### Task goal
Start at the first line of the material. Repeat each line exactly through the one containing "167 Cape Rodney Road Leigh_11", then stop.

### Entries shown
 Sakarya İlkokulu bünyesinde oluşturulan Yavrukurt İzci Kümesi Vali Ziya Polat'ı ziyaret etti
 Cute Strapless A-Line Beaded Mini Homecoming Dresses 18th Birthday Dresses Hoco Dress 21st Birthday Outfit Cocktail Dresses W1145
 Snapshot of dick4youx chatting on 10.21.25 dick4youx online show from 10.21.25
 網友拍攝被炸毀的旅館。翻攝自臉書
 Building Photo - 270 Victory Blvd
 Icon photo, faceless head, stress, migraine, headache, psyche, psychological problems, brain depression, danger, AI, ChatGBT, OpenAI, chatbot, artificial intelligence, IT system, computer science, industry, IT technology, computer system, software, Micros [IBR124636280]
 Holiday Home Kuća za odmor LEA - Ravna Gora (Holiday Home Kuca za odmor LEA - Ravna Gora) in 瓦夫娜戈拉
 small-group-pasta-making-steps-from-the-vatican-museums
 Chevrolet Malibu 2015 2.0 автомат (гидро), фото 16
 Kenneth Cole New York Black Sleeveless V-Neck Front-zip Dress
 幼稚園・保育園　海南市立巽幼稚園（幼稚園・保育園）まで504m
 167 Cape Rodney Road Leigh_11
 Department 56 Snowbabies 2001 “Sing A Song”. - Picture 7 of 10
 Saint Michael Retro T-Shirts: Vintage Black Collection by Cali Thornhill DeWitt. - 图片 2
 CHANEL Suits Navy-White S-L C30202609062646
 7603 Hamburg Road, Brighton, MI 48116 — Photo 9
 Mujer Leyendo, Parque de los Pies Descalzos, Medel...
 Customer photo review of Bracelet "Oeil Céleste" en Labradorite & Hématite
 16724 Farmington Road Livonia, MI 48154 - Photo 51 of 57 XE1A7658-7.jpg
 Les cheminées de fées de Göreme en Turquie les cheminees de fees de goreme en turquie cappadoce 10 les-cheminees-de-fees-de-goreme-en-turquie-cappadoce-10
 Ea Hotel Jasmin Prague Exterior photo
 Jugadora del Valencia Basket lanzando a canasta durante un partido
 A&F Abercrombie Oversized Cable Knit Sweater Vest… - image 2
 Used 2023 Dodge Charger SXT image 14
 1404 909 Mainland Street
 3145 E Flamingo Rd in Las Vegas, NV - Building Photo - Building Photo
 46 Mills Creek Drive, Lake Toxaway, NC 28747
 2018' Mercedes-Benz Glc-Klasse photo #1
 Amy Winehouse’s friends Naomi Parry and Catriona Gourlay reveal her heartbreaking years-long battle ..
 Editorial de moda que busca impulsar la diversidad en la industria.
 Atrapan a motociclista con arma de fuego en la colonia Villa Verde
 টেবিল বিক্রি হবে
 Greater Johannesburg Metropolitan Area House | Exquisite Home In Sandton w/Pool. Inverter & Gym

### Result for this task
 Sakarya İlkokulu bünyesinde oluşturulan Yavrukurt İzci Kümesi Vali Ziya Polat'ı ziyaret etti
 Cute Strapless A-Line Beaded Mini Homecoming Dresses 18th Birthday Dresses Hoco Dress 21st Birthday Outfit Cocktail Dresses W1145
 Snapshot of dick4youx chatting on 10.21.25 dick4youx online show from 10.21.25
 網友拍攝被炸毀的旅館。翻攝自臉書
 Building Photo - 270 Victory Blvd
 Icon photo, faceless head, stress, migraine, headache, psyche, psychological problems, brain depression, danger, AI, ChatGBT, OpenAI, chatbot, artificial intelligence, IT system, computer science, industry, IT technology, computer system, software, Micros [IBR124636280]
 Holiday Home Kuća za odmor LEA - Ravna Gora (Holiday Home Kuca za odmor LEA - Ravna Gora) in 瓦夫娜戈拉
 small-group-pasta-making-steps-from-the-vatican-museums
 Chevrolet Malibu 2015 2.0 автомат (гидро), фото 16
 Kenneth Cole New York Black Sleeveless V-Neck Front-zip Dress
 幼稚園・保育園　海南市立巽幼稚園（幼稚園・保育園）まで504m
 167 Cape Rodney Road Leigh_11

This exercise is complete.